И вдруг тишину прорезал звук, похожий на многоголосый тихий стон. Так могли бы стонать люди, давно смирившиеся со своей болью. Много людей. Целая больница неизлечимых. Вета сама не ожидала, что вздрогнет. Что это было, может, звук издавал какой-то механизм или трубопровод?

Она взглянула на Антона, но тот даже не обернулся.

– Мать-птица. Видела стелу возле набережной?

Вета некстати вспомнила, что завтра ее класс идет на прогулку по случаю дня города – уроки отменяются. Наверняка завернет и туда. По коже побежали толпы мурашек. Она не слышала этого звука раньше – не имела привычки открывать окно вечером.

– Здесь есть набережная?

– Понятно, – усмехнулся он, – по легенде, мать-птица замурована в стенах города.

Ей вообразилась девушка в белом балахоне, как древнегреческая богиня, но с крыльями вместо рук, и стало противно от мысли, что живого человека замуровали в стену.

– Ничего страшного, это всего лишь сказка, – протянул Антон, по-прежнему щипая себя за подбородок. Он не мог не заметить, как скривилась Вета.

– А стонет кто?

– Мать-птица, – пожал плечами он. Само собой разумеется, конечно. Так бывает во всех городах. – Ох, ну может, водопровод, я не знаю. Или стройка.

За окном виднелись габаритные огни на огромном подъемном кране. Район строился, и рос город.
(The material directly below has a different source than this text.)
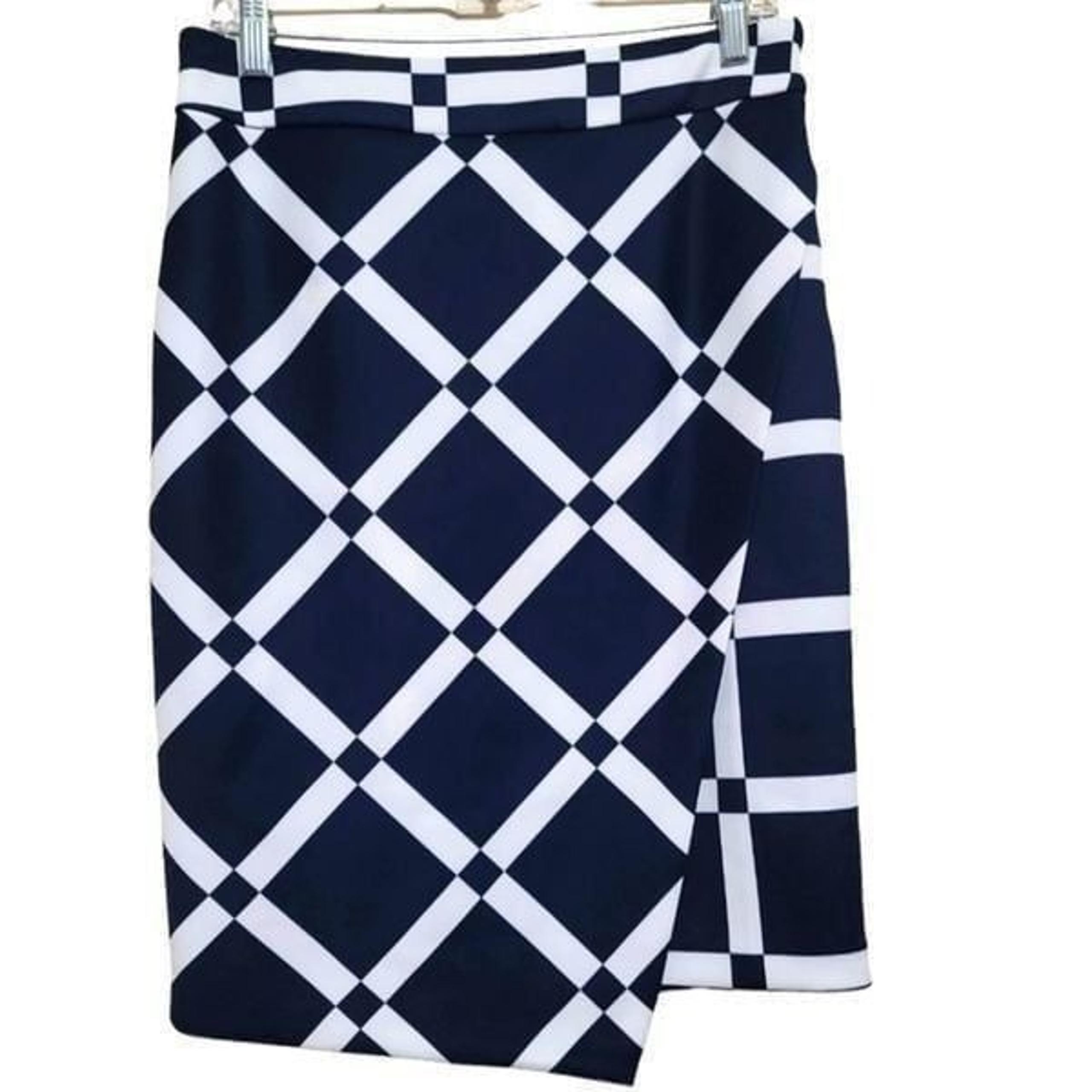 NYCC Blue and White Skirt Sz 8 NWT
– Так говорили дети. Дети называли ее матерью-птицей, как будто сговорившись. Отовсюду, с окраин, из других городов приезжали и называли ее так. А без них фигурка на стеле была бы просто распластанным по ветру бесформенным силуэтом. Ерунда все это. Расскажи лучше что-нибудь о себе.

Он улыбнулся.

– О себе… – повторила Вета, бездумно отводя взгляд.


23 августа данного года


Девочки из группы, конечно же, обо всем узнали, но позвонила только рыжая конопатая Мирка, которой вечно до всего было дело. Она долго сопела в трубку, выдумывая фальшивые поводы для разговора.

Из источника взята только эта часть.